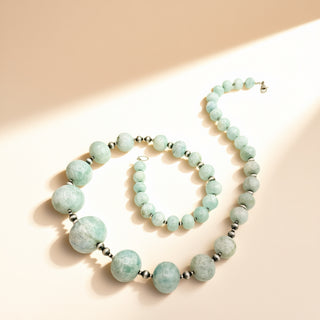 Necklace with blue beads and black pearls on a beige background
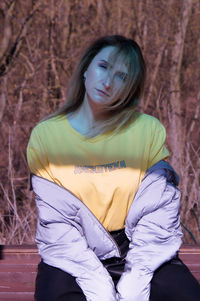 Portrait of woman sitting outdoors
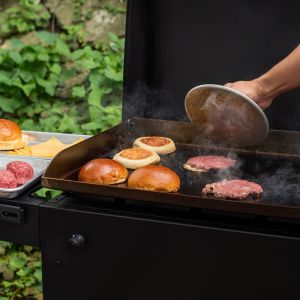 A person uses a grill press to flatten a hamburger patty while cooking it on a griddle.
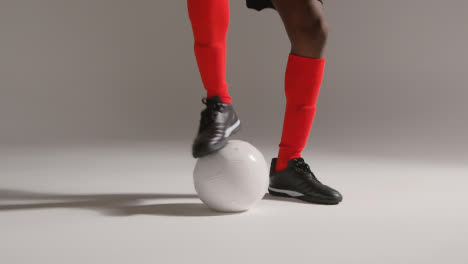 Primer-Plano-Del-Estudio-De-Un-Futbolista-Masculino-Que-Lleva-Un-Kit-De-Club-Regateando-Con-El-Balón-1
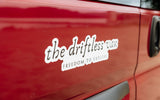 Red RV rental van featuring "the driftless van" sticker: "FREEDOM TO EXPLORE". Ready for your next adventure.
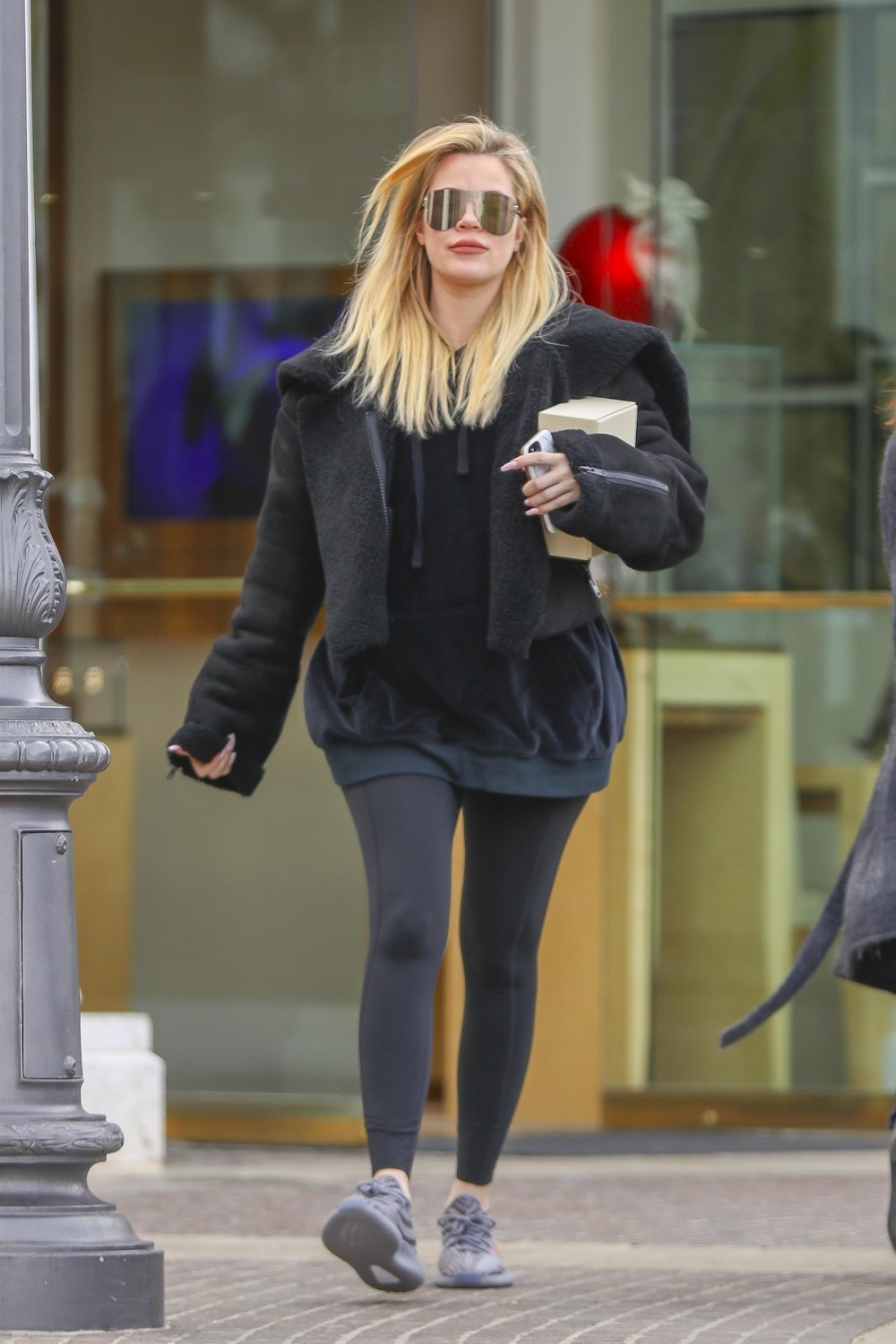 Khloe Kardashian hides her baby bump while out at Polacheck's Jewelers in Calabasas on December 23.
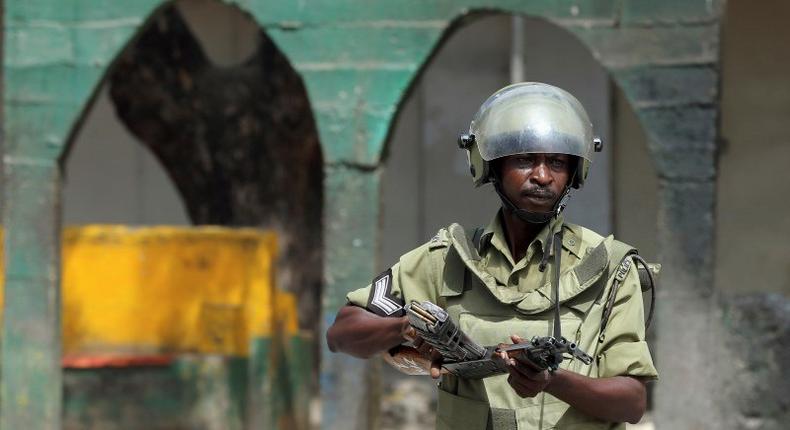 A riot policeman points his rifle towards protesters during a riot in Zanzibar October 19, 2012. REUTERS/Goran Tomasevic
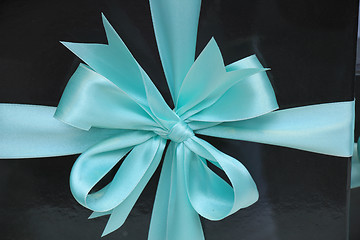 Image showing Gift box with blue ribbon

Exercise instructions:
Reproduce the data above exactly, but only the lines from the one showing "Primer-Plano-D" through the one showing "Red RV rental", with both ends kept and the pictures left out.

Solution to the exercise:
 Primer-Plano-Del-Estudio-De-Un-Futbolista-Masculino-Que-Lleva-Un-Kit-De-Club-Regateando-Con-El-Balón-1
 Red RV rental van featuring "the driftless van" sticker: "FREEDOM TO EXPLORE". Ready for your next adventure.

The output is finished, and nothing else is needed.